Open marshallbrekka opened 7 years ago
As it currently stands, credentials are only requested from STS on an as needed basis.
This is not entirely correct, it will hit STS once every 15 minutes as the credentials are cached thereafter. This seemed like an acceptable tradeoff.
This can be solved with three components
- Fetch credentials as soon as the pod is added
- A goroutine per pod to refresh the credentials before they expire
- Stop the goroutine when the pod is deleted
I don't think this solution will scale to thousands of nodes, potentially hundreds of thousands of pods as:
I would rather increase the caching duration to 60 minutes and/or make it configurable.
I think there is some misunderstanding about the proposed solution, as well as the issue(s) it was meant to solve, I'll try and explain it better below.
This was the primary issue, where if a client failed to find credentials from the metadata service within its default timeout (for some this is 1s, and I have seen STS take longer than that on occasion), it would assume that the metadata service is not available, and move on down the credential provider chain.
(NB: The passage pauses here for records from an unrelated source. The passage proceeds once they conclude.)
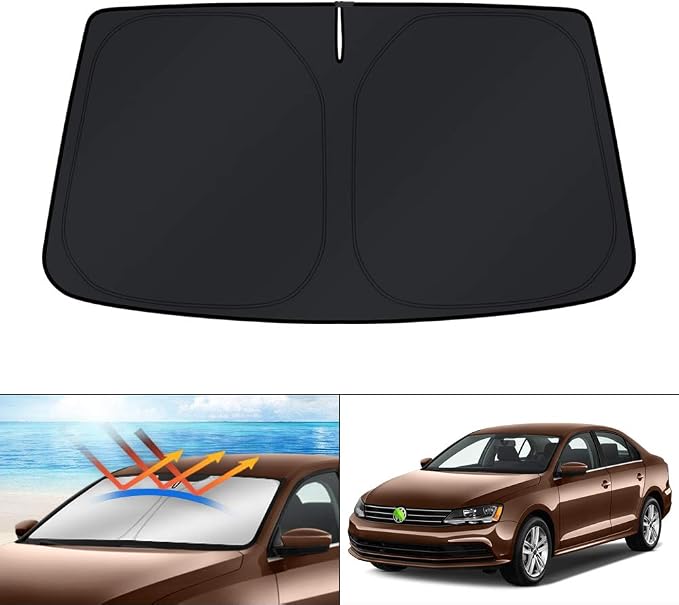 KUST Windshield Sun Shade for 2011-2018 Volkswagen VW Jetta Accessories Sunshade Foldable Window Sun Visor Protector Blocks UV Rays Keep Your Car Cooler by KUST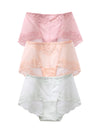 Sheer floral panties set in pink nude and white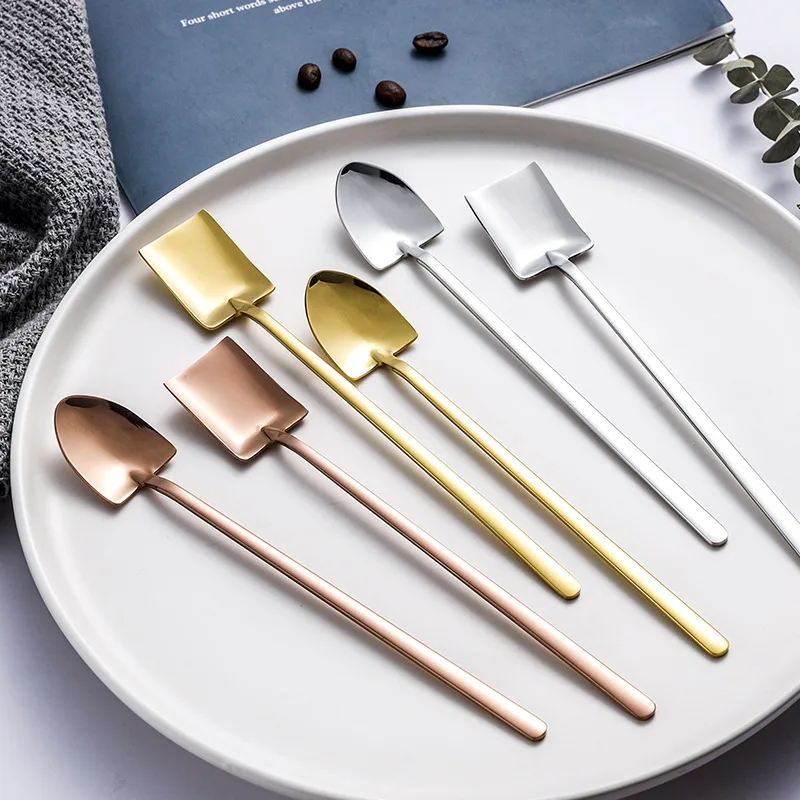 Coffee Spoon Shovel Stainless Steel Retro Multi-Color Ice Cream Dessert Engineering Creative Square Head Scoop Kitchen Gadget
Coffee Spoon Shovel Stainless Steel Retro Multi-Color Ice Cream Dessert Engineering Creative Square Head Scoop Kitchen Gadget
This can essentially cause a Pod to fail on startup, and never recover, since the clients cache the credential provider decisions.
As it currently stands, credentials are only requested from STS on an as needed basis.
This is not entirely correct, it will hit STS once every 15 minutes as the credentials are cached thereafter. This seemed like an acceptable tradeoff.
In light of the issue described above, I don't think this tradeoff is acceptable.
This is much less important than the first issue, since it doesn't necessarily cause an outright failure, but for services where latency is important, adding an additional ~100ms on a request is highly undesirable.
I don't think this solution will scale to thousands of nodes, potentially hundreds of thousands of pods as:
- it would be hitting the AWS API limits pretty hard and potentially have knocked down effects on the entire AWS account. This is a show stopper imo.
- there could be hundreds of thousands of goroutines running for kube2iam therefore using a lot of performance even if goroutines are cheap.
I think both of these points are easily addressed by a few ideas.
If you limit the pods that kube2iam is monitoring to the ones that exist on the same worker, then you only need to scale the number of goroutines to the max number of pods that can run on a given worker (this is what the implementation in the PR was doing).
This also means that you should only be making AWS STS API calls 1x per pod per cache duration.
If you wanted to further limit the amount of API calls being made, you could share credentials for all pods on a given worker with the same IAM role, which if your pods were actively using their AWS credentials, would be the exact same as the status quo. However that reduces your ability to trace back API calls to a given pod for audit trail purposes, which I think is undesirable.
In general I don't think the performance of the implementation should be any worse than the status quo with the worst case scenario of pods consistently using credentials.
Thoughts?
We are experiencing timeouts in pods being served by kube2iam. The current blocking approach on first request causes this latency. Since it is triggering timeouts, and our goal for kube2iam is transparency, this makes the current approach unworkable from my perspective. I'm not sure that the proposed solution is ideal, but it seems like a good trade-off to me. Namely, the combination of:
sts:AssumeRole
as a pod is placed on a node)Seems like together that would provide a reasonable balance between observed credential fetch latency, AWS API limits and kube2iam memory/CPU load.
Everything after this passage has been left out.